Red Blood CellsAutoimmune diseases apparently crop up from an overactive immune response of the body against substances and tissues usually there in the body. In other words, the body is said to assault its own cells. Scientists have seemingly detected a cellular genetic signature that envisages prognosis in two dissimilar autoimmune diseases. It is anticipated that the discoveries could one day aid in steering therapy and might also come up with new therapeutic targets.

Presently the only way to treat these diseases is with drugs that appear to turn off the immune system in general, which could encompass toxic side-effects and leave patients vulnerable to potential infections. Being able to develop a drug treatment to the acuteness of disease could aid in decreasing these incapacitating side-effects.

The study was headed by Kenneth Smith from the Cambridge Institute of Medical Research. The experts observed patients with two kinds of autoimmune disease, a kind of vasculitis typified by inflammation of the blood vessels called AAV, and lupus, a disease caused due to antibodies working against the body’s own tissues.

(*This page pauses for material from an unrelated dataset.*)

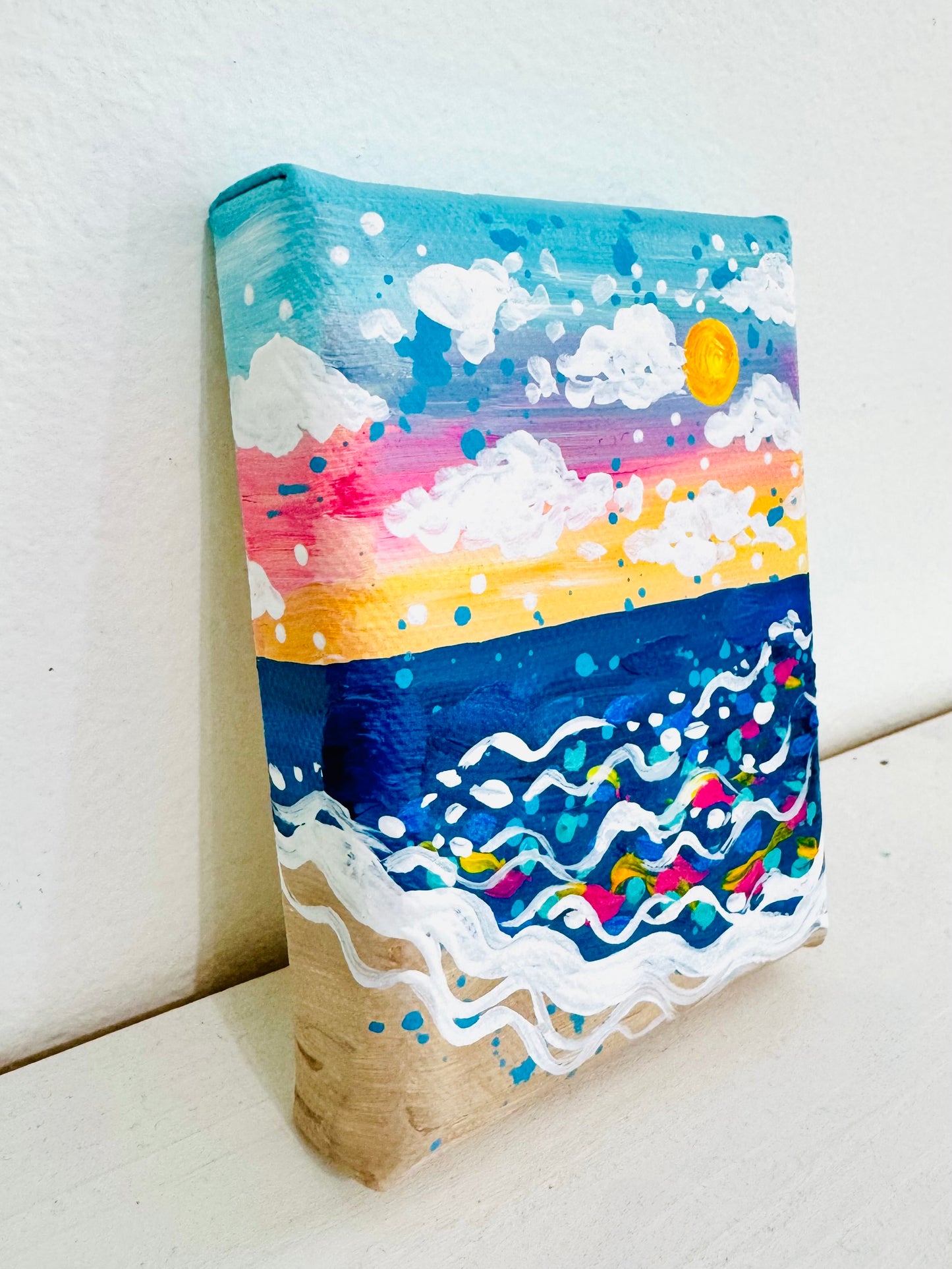 "Painted by the Tide" Original Beach Painting on 3x4 inch mini canvas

The team apparently took blood samples from patients prior to treatment and cut off the diverse populations of immune system cells, counting T cells, B cells and neutrophils. By noting the gene expression in each of the diverse kinds of cells, they could get a picture of which cell kinds may be adding to the disease.

Their first examination appears to have divulged separate patterns of gene expression in every cell type, but it was said to be the T cell population that seemingly caught their attention. When they observed a particular subgroup of T cells, called CD8+ T cells, they discovered that the patients could be alienated into two different groups based on their long term prognosis, with one group encompassing more disease relapses or ‘flares’ than the other.

CD8+ T cells from patients with relapsing disease appeared to have encompassed elevated levels of expression of genes included in endorsing T-cell activity. This also contains the T-cell receptor, which seems to regulate activation of the T cell, and the receptor for IL-7, a chemical that impels T-cell survival. Moreover, CD8+ T cells from these patients also illustrated the hallmarks of having been triggered already, alleged ‘memory T cells’ that are believed to be poised to respond quicker and stronger.

The study apparently does not clarify how the CD8+ T cells add to the severity of disease, or why these specific genes could be turned on in patients with poor prognosis. But by detecting a genetic signature that appears to envisage poor disease outcome, it is anticipated that doctors could one day be able to use this information to craft drug therapy as per an individual patient.